_The problem_:
Reproduce from the records below, with no pictures, exactly the lines between the one containing "Rogelli LYCRA juodi leginsai XL/2XL" and the one containing "Foto 4 de Piso", inclusive.

_Information given_:
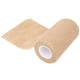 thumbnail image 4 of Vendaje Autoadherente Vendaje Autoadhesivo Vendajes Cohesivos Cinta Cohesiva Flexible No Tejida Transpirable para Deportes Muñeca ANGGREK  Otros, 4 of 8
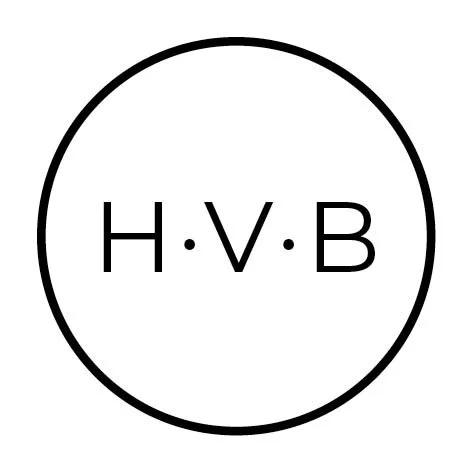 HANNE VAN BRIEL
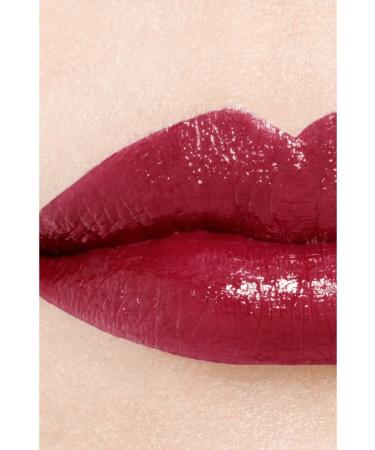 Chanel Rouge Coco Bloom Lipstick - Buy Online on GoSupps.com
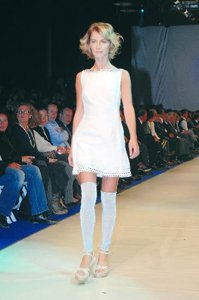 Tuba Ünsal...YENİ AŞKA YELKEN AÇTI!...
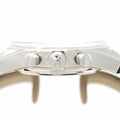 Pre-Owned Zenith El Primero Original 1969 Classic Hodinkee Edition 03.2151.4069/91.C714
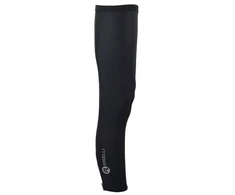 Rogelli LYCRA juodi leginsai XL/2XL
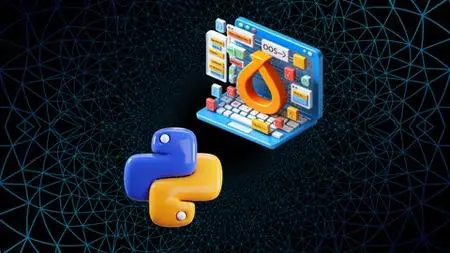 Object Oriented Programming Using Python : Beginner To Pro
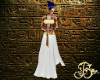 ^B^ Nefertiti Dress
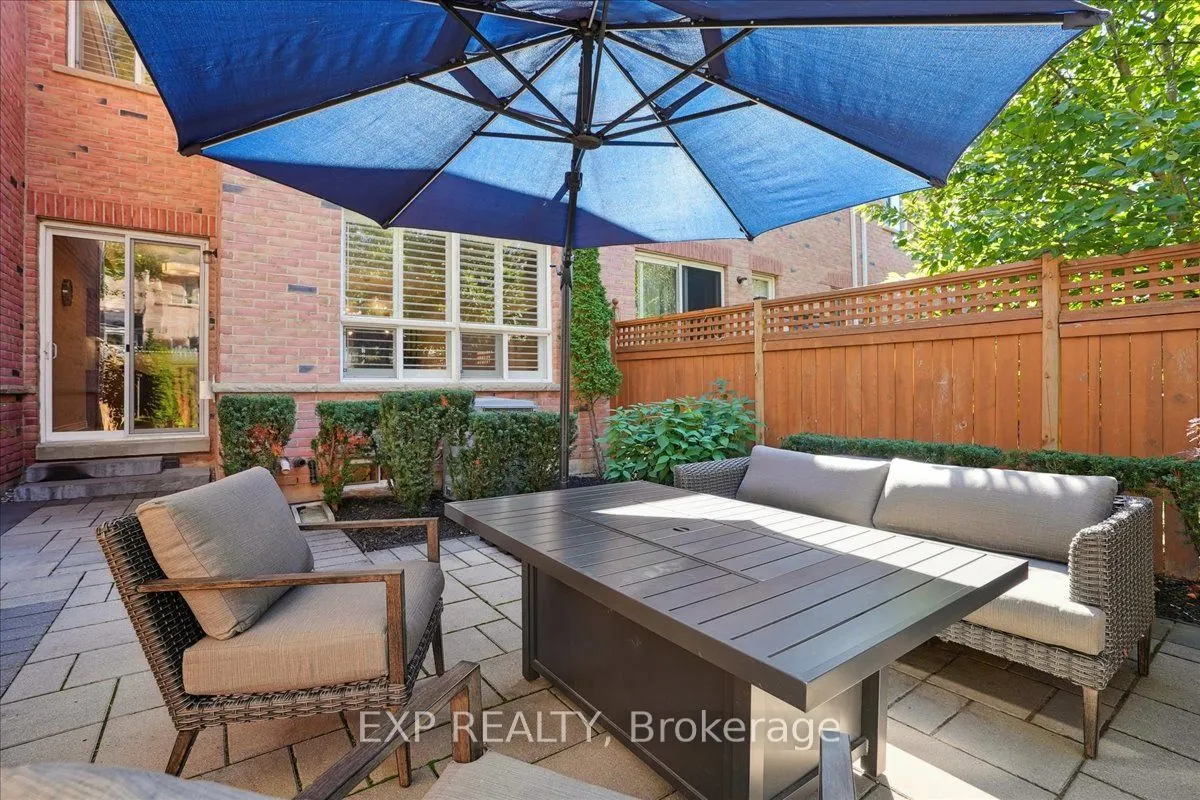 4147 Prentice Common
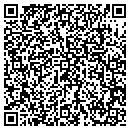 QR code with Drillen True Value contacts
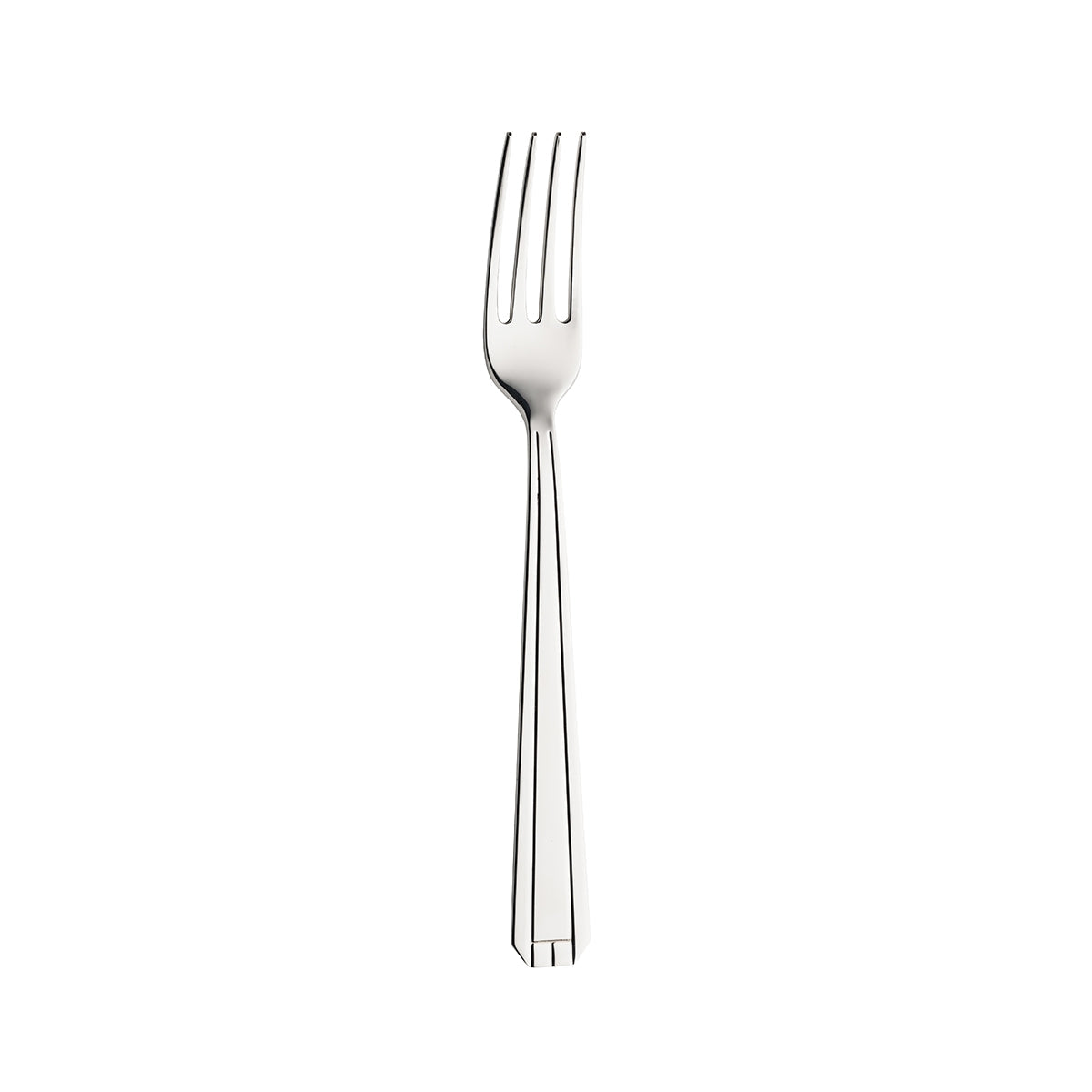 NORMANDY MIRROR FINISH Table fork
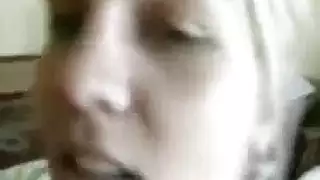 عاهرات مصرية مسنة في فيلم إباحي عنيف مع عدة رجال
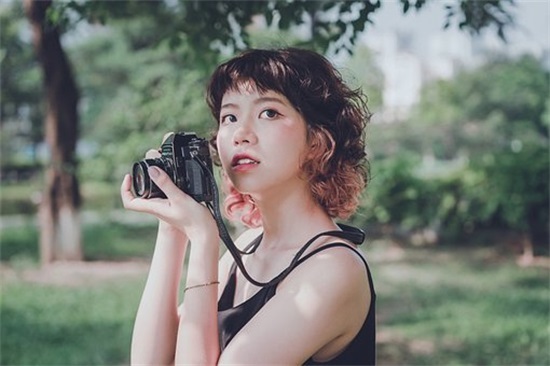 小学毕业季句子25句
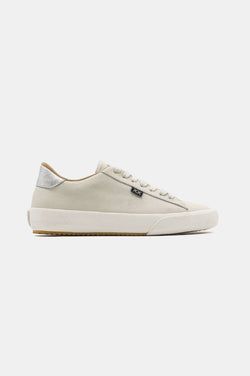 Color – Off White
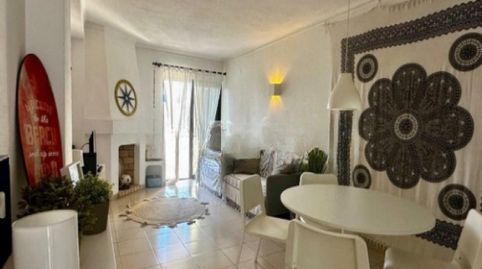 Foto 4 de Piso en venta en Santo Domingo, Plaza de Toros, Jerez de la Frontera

==

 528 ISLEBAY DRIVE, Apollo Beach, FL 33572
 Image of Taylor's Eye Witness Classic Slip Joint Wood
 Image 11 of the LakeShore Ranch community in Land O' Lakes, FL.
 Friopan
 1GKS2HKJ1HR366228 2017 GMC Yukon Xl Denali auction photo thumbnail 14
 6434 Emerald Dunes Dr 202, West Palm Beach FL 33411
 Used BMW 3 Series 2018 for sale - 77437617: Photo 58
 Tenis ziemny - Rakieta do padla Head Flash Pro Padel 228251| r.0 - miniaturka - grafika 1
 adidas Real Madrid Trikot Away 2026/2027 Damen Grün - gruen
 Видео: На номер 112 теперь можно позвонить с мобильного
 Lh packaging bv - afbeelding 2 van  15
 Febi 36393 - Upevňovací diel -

_Final answer_:
 Rogelli LYCRA juodi leginsai XL/2XL
 Object Oriented Programming Using Python : Beginner To Pro
 ^B^ Nefertiti Dress
 4147 Prentice Common
 QR code with Drillen True Value contacts
 NORMANDY MIRROR FINISH Table fork
 عاهرات مصرية مسنة في فيلم إباحي عنيف مع عدة رجال
 小学毕业季句子25句
 Color – Off White
 Foto 4 de Piso en venta en Santo Domingo, Plaza de Toros, Jerez de la Frontera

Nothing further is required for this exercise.